Shakespeare, always the astute observer of the human experience, explores this tension, having made his character Brutus a stand-in for all that he believed a Stoic philosopher was supposed to represent.

“I am sick of many griefs,” Brutus tells a contentious ally, Cassius, who attempts to remind him of what the Stoics believed about accepting what was outside our control. “No man bears sorrow better,” Brutus tells him with flat affect. “Portia is dead.”

So is this Stoicism? A man who can spit out those painful words without flinching? My wife is dead, and then get on with a discussion about the upcoming battle? Perhaps.

But Brutus was no Porcia, who had always been all action and no talk. He had a flair for the theatric; he desired to be credited for those virtues that he made sure were conspicuous.

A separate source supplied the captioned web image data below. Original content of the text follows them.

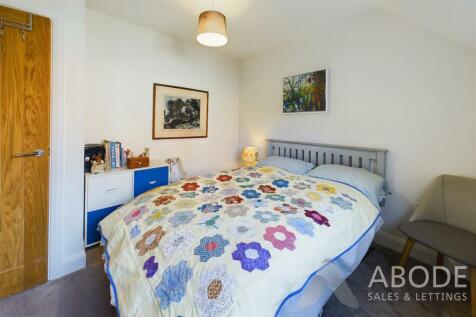 CAM03473G0-PR0138-STILL014.jpg
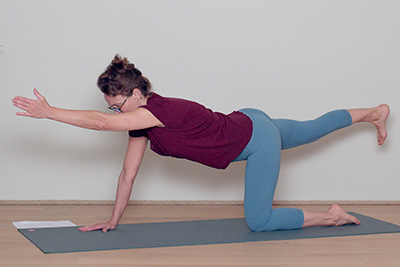 Posture de Yoga pour le dos : Variation à 4 pattes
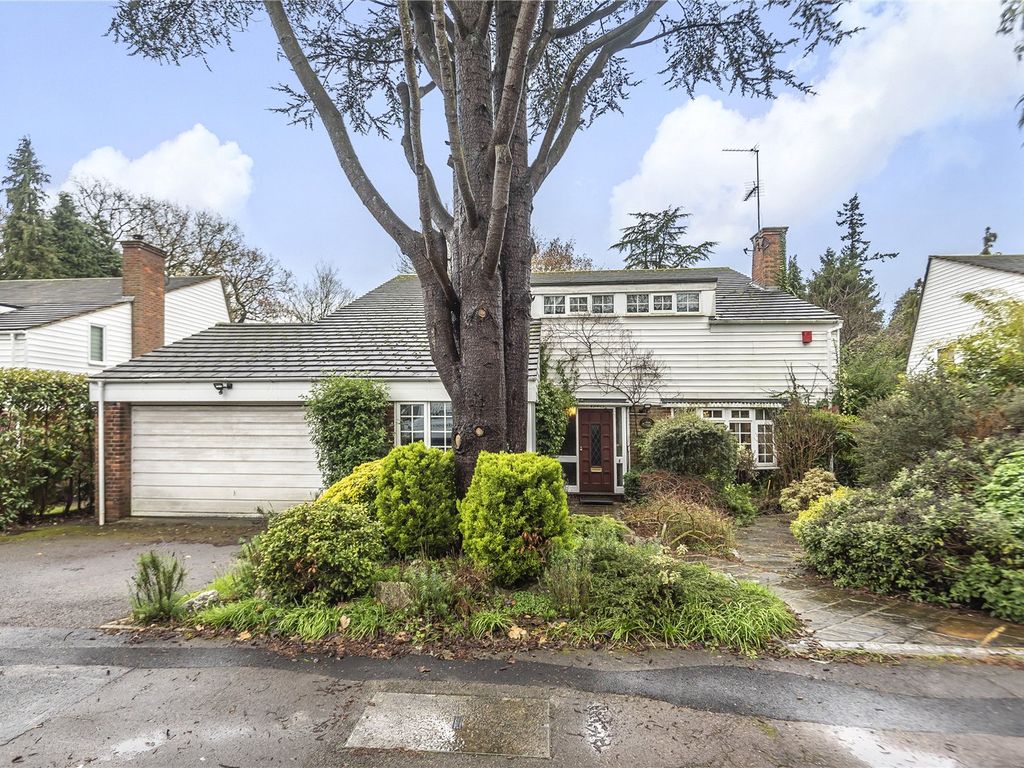 4 bed detached house for sale in Meadway Park, Gerrards Cross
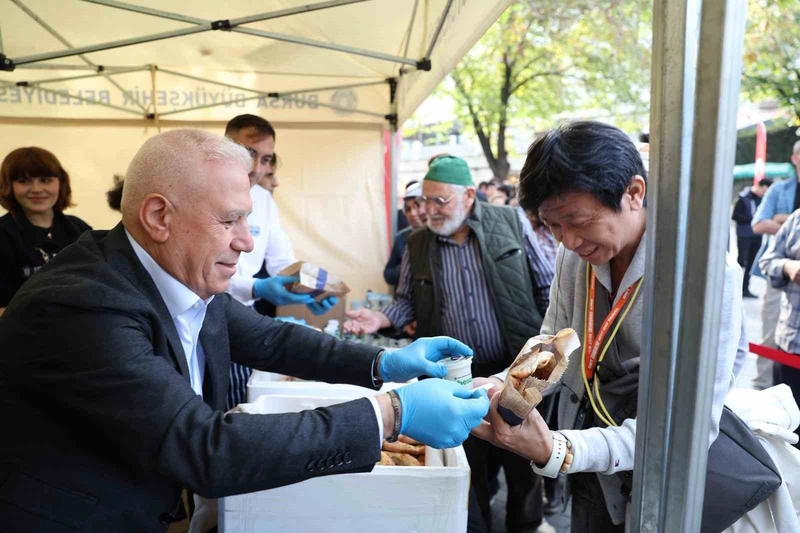 Dünya Cantık Günü’nde ücretsiz ikram edildi, yabancı turistler lezzetine hayran kaldı
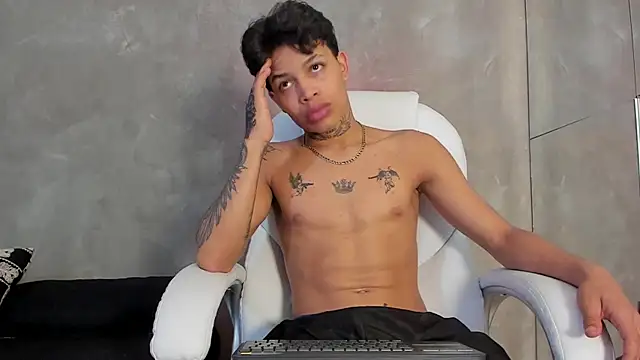 Renzo_Dogan's cam snapshot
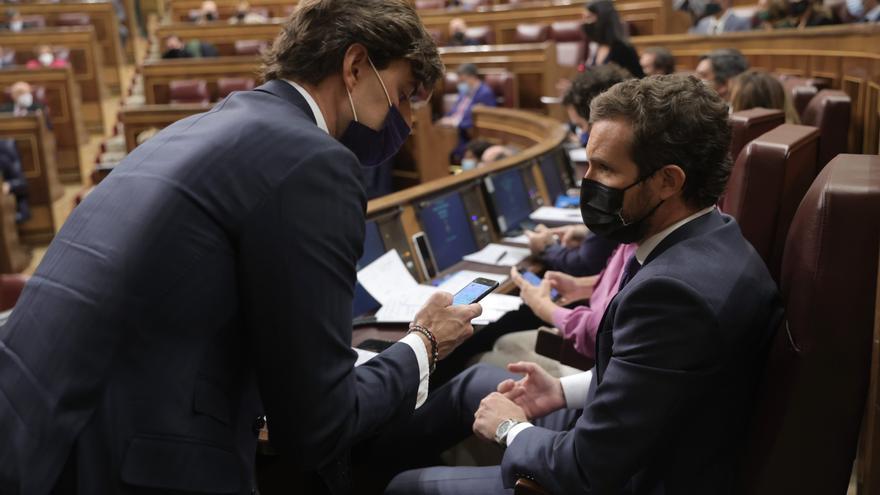 Pablo Casado se despide de los suyos en el Pleno del Congreso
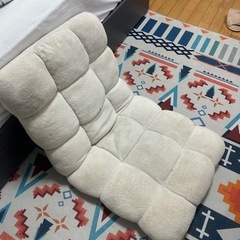 ホワイトチェアの画像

So when, a few minutes later, a messenger named Messala appears with news, Brutus sees an opportunity to perform for history. The word comes that Cicero is dead and a hundred senators have been executed. Have you heard from your wife? the messenger asks. Brutus replies that he hasn’t. Have you heard anything at all? he asks. Again, Brutus pretends he does not know. “Tell me true,” Brutus demands. So prompted, the messenger informs him that Porcia has died.

And then, whether for the sake of his reputation or to inspire others with his Stoic example, we get this:

BRUTUS

Why, farewell, Portia. We must die, Messala.

With meditating that she must die once,

I have the patience to endure it now.

MESSALA

Even so great men great losses should endure.

CASSIUS

I have as much of this in art as you,

But yet my nature could not bear it so.

BRUTUS

Well, to our work alive. What do you think

Of marching to Philippi presently?

Though Porcia departed from this earth as the Republic died its final death, she would live on as a powerful symbol of resistance for men and women forever. She had lived as her father and the Stoics had taught: We must do what needs to be done. We must not waver. We cannot be afraid.